The Fundación Carlos Díaz Vélez (in English: Carlos Díaz Vélez Foundation), acronym: FCDV, is a foundation which aims to promote the agricultural cattle education in any of its manifestations and was created in Argentina in 1990.

The Fundación Carlos Díaz Vélez caption is Juntos por la educación agropecuaria (in English: Together for the agricultural education).

== Origins ==
The birth of the Fundación Carlos Díaz Vélez was due to compliance with the will and testament of the rancher and philanthropist Matilde Díaz Vélez who wanted her heirs to promote agriculture and cattle education, activities considered fundamental to the growth of Argentina.

In order to have sufficient resources to carry out this useful purpose, the founder bequeathed three fields: "Patina", "Tita" and "Rincón del Quequén" located in the province of Buenos Aires.

In January 1990, in compliance with this legacy, her heirs decided to start a foundation, which is named "Fundación Carlos Díaz Vélez" (in English:"Carlos Díaz Vélez Foundation") in honor of her father, Carlos Díaz Vélez.

The Foundation is a nonprofit civil organization dedicated to promote education of agriculture and livestock farming.

Approved its statute, governing their establishment and operation, the first Administration Council was integrated by:
- President: architect, Enrique Woodrow Álvarez de Toledo (†)
- Vicepresident: doctor, Federico Nicolás Videla Escalda (†)
- Secretary: engineer, Ángel Belisario Di Benedetto
- Treasurer: industrial engineer, Carlos Álvarez de Toledo
- Deputy Treasurer: doña, María Mercedes Álvarez de Toledo de Aguirre (†)
- Vocal: doña, Mathilde Álvarez de Toledo de Piazzini (†)
- Vocal: engineer agronomist, Jorge Manuel Loitegui.

== Programs ==

Today the Fundación Carlos Díaz Vélez fulfills its goal through three complementary programs or actions:
1. Strengthening of agricultural schools,
2. College scholarships and
3. Training.

=== Strengthening of agricultural schools ===
The Strengthening of agricultural schools program was the first activity that the Foundation began to carry out.

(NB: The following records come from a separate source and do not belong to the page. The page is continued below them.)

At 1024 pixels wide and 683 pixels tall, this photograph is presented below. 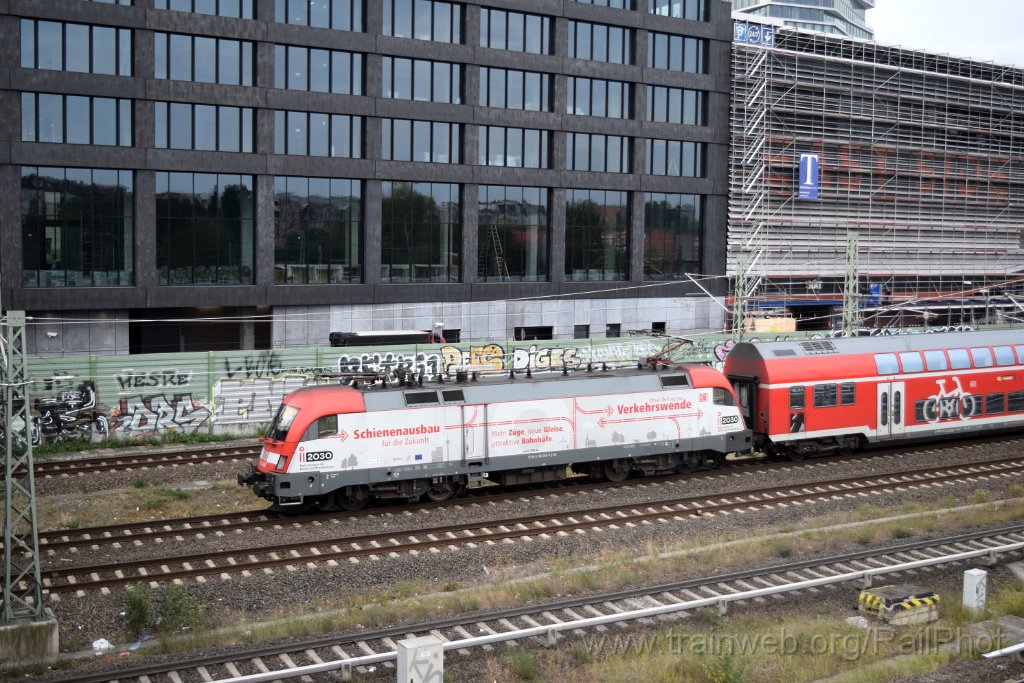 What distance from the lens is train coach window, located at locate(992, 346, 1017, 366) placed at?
30.7m

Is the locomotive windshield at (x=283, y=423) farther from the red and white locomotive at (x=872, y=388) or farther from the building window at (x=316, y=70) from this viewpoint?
the building window at (x=316, y=70)

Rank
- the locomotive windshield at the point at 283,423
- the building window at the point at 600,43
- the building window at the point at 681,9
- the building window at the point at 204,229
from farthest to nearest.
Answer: the building window at the point at 681,9 < the building window at the point at 600,43 < the building window at the point at 204,229 < the locomotive windshield at the point at 283,423

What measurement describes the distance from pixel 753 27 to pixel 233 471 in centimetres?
4301

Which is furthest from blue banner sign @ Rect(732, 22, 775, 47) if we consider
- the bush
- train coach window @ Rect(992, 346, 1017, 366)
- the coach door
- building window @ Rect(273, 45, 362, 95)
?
the bush

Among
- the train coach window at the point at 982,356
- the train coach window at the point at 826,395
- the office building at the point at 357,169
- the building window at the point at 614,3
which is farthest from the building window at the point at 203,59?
the train coach window at the point at 982,356

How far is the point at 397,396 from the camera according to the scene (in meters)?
21.8

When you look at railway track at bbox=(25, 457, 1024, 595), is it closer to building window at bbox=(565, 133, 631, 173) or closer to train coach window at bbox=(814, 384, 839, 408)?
train coach window at bbox=(814, 384, 839, 408)

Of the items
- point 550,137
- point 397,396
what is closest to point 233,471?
point 397,396

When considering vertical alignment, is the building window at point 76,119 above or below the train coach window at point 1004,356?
above

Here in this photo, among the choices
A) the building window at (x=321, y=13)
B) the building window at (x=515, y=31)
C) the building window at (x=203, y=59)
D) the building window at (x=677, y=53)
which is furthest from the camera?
the building window at (x=677, y=53)

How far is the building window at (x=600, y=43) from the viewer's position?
51312mm

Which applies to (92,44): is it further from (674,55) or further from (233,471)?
(674,55)

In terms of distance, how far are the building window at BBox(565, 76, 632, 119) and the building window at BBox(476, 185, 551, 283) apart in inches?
198

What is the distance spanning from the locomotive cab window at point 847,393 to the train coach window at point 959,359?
3976mm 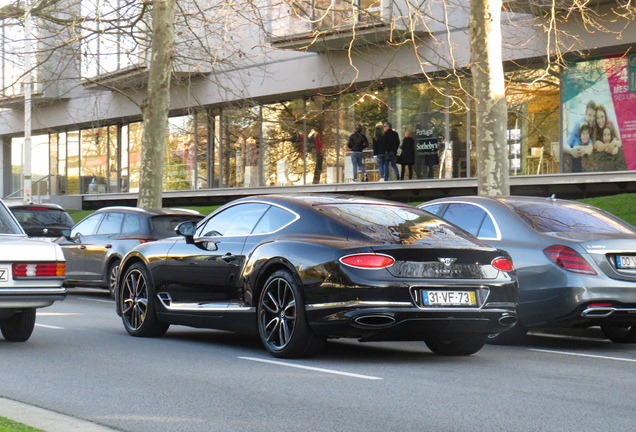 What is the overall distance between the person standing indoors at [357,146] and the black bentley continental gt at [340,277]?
19072mm

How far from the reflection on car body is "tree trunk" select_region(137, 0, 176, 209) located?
1390 centimetres

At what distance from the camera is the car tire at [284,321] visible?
27.6 ft

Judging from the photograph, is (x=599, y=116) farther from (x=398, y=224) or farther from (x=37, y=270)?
(x=37, y=270)

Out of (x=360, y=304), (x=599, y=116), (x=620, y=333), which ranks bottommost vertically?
(x=620, y=333)

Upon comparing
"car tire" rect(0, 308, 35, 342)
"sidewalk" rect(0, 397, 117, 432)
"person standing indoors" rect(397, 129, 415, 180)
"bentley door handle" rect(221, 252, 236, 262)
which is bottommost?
"sidewalk" rect(0, 397, 117, 432)

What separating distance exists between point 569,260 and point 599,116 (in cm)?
1538

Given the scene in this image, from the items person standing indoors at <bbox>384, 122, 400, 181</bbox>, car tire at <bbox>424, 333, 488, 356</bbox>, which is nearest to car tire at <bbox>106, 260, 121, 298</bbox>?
car tire at <bbox>424, 333, 488, 356</bbox>

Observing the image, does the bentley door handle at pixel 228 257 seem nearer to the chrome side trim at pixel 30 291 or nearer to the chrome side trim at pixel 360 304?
the chrome side trim at pixel 360 304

From its beginnings, members of the Administration Council wanted to favor the Agricultural School Eustoquio Díaz Vélez, of Rauch, province of Buenos Aires. This is due to the special affection and interest in this educational institution, the only one of its kind located in that Partido or District of that province and which it is so priced to the Díaz Vélez Álvarez de Toledo familiar history.

This program, designed primarily for the province of Buenos Aires, over two decades was expanded to a number of educational institutions located in thirteen of the twenty-three provinces of Argentina. The Foundation currently conducts two annual calls to promote educational productive projects for agricultural schools.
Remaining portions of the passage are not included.